Moving companies with N.L. clients are flat-out — and not in the direction you'd expect
Moving companies seeing people coming home, due to retirement, economic downturn and the pandemic
Like many, Sarah and Bill Perry had their lives upended this year by the COVID-19 pandemic, along with a dramatic shock to the oil industry that left Bill without a job.
So they did something they've wanted to do for years: after more than two decades in Alberta, they left Calgary this summer and moved their family back home to Newfoundland and Labrador.
"With COVID and when my company decided they were moving out, that was it. It cemented our decision to move. Now we're home.
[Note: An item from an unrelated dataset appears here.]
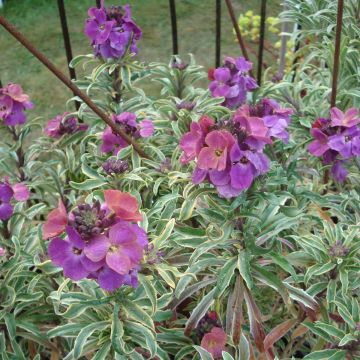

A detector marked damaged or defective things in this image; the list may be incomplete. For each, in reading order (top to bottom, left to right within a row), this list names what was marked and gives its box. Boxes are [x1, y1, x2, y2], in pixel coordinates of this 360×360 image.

rusty metal rod [57, 0, 79, 111]
rusty metal rod [0, 15, 149, 159]
rusty metal rod [224, 0, 255, 78]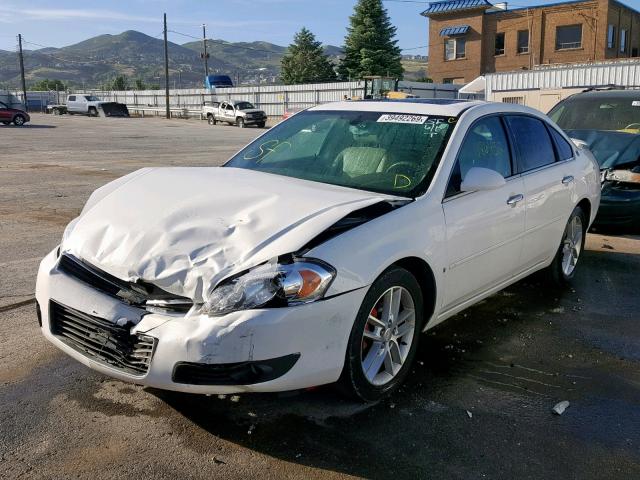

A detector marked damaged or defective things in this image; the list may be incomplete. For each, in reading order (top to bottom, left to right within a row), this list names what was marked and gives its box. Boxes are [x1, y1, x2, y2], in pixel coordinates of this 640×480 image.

We're here," Bill Perry said during a recent telephone interview.
They're now renting a home in Glovertown, where they both have deep roots and close family connections.
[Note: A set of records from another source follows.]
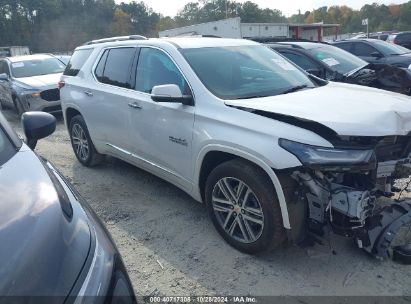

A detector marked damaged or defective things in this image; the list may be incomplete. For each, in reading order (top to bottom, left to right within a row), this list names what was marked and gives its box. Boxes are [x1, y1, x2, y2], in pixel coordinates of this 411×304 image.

crumpled hood [15, 72, 61, 89]
crumpled hood [227, 82, 411, 137]
destroyed headlight assembly [280, 138, 376, 170]
crumpled hood [0, 148, 91, 296]
severe front-end damage [280, 137, 411, 262]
Their two children, ages 16 and 13, have started fresh in a new school, thousands of kilometres away from their old lives.
They've left behind good careers and a city of 1.3 million for a future of uncertainty in a small town of just 2,000 citizens on Newfoundland's northeast coast.
Not looking back
They understand they've taken a big risk, and are grateful for everything Calgary and the oil industry gave them, but are not looking back.
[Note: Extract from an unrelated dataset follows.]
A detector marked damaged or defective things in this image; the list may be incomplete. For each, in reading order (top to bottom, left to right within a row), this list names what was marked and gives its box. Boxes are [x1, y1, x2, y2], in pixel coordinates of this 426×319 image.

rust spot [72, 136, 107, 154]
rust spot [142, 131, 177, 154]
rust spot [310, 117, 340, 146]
"We have way more security now coming back than when we left," said Sarah. "We left with empty bank accounts and education. We're coming back in a lot better financial situation and a lot of skill sets, and hoping to invest that in the community."
Bill added, "I'm pretty excited about it. For all the years I've been away I've always talked about going home."
The Perry family are part of the reason why two St. John's-area moving companies are reporting an unusual trend: a strong uptick in the number of requests to relocate expatriates back to the province.
"Typically, my brother and I are used to dealing with a mass exodus out of Newfoundland this time of year, but this year it's been totally different," said Bob LeDrew, who co-owns Bob LeDrew and Sons Moving Services in Mount Pearl.
In the past, LeDrew said, 60 per cent of his long-distance moves were away from the province. This year it's reversed.
"I feel that most of them are coming back from Alberta and Ontario because they were laid off because of the COVID uncertainty and they're coming back home here with their families," said LeDrew, "and a lot of them probably have properties here and they feel safe here in Newfoundland as opposed to other places in the country."
It's a similar scenario for the owners of Five Star Moving in Conception Bay South, Jo Ann and Alfred Pike.
They've been in the moving business for 30 years, and have been overwhelmed with calls from customers interested in moving to the province.
"The amount of people moving back is unprecedented compared to what it has been over the past five, six, seven years," said Jo Ann Pike.
A truck that would normally make one trip a month to Ontario is now load-and-go, Jo Ann added.
"If we had three, five tractor-trailers operating right now we could have filled every one of them week after week coming out of Ontario. We actually turned away a lot of business this year," she said.
Both companies say they are booked with inbound moves until late in the fall.
Meanwhile, those who study the province's population trends are not surprised by what they're calling a "COVID blip."
With so much economic uncertainty in other parts of Canada, a very low prevalence of the virus in Newfoundland and Labrador, and the post-war baby boomer generation leaving the workforce, the fundamentals are in place for a slackening of the out-migration trend.
But Robert Greenwood, director at Memorial University's Harris Centre, which co-ordinates the school's activities related to regional policy and development, is quick to caution against any notion that Newfoundland and Labrador's population decline may be reversing.
"I think it's a demographic baby boomer phenomenon, for the most part," Greenwood said of the trend being noticed by moving companies.
Greenwood said a look at the data from last year is evidence that population decline projections are becoming reality, with the province experiencing a net loss of 4,500 people to interprovincial migration, the worst imbalance in more than a decade.
With major construction projects on the decline, the offshore oil industry buffeted by repeated setbacks since the pandemic hit, and the province's financial health on life support, the economic outlook is bleak for a province that is projected to lose 90,000 residents by 2043.
So Greenwood plans to wait until he sees some official data from Statistics Canada before determining the significance of this latest trend.
What's not being seen by the moving companies, said Greenwood, are the young people who are leaving after finishing university or being displaced from the oil industry.
In many cases, he said, this cohort do not require a moving truck because they are just starting out in life, and can stuff their belongings into the back of a car.
As for Sarah and Bill Perry, they're more concerned right now about getting reacquainted with their home province, and possibly starting a business.
"There's a long list of people from Glovertown that have worked really hard to make it what it is today. And that's all we want is a chance to do the same," said Sarah.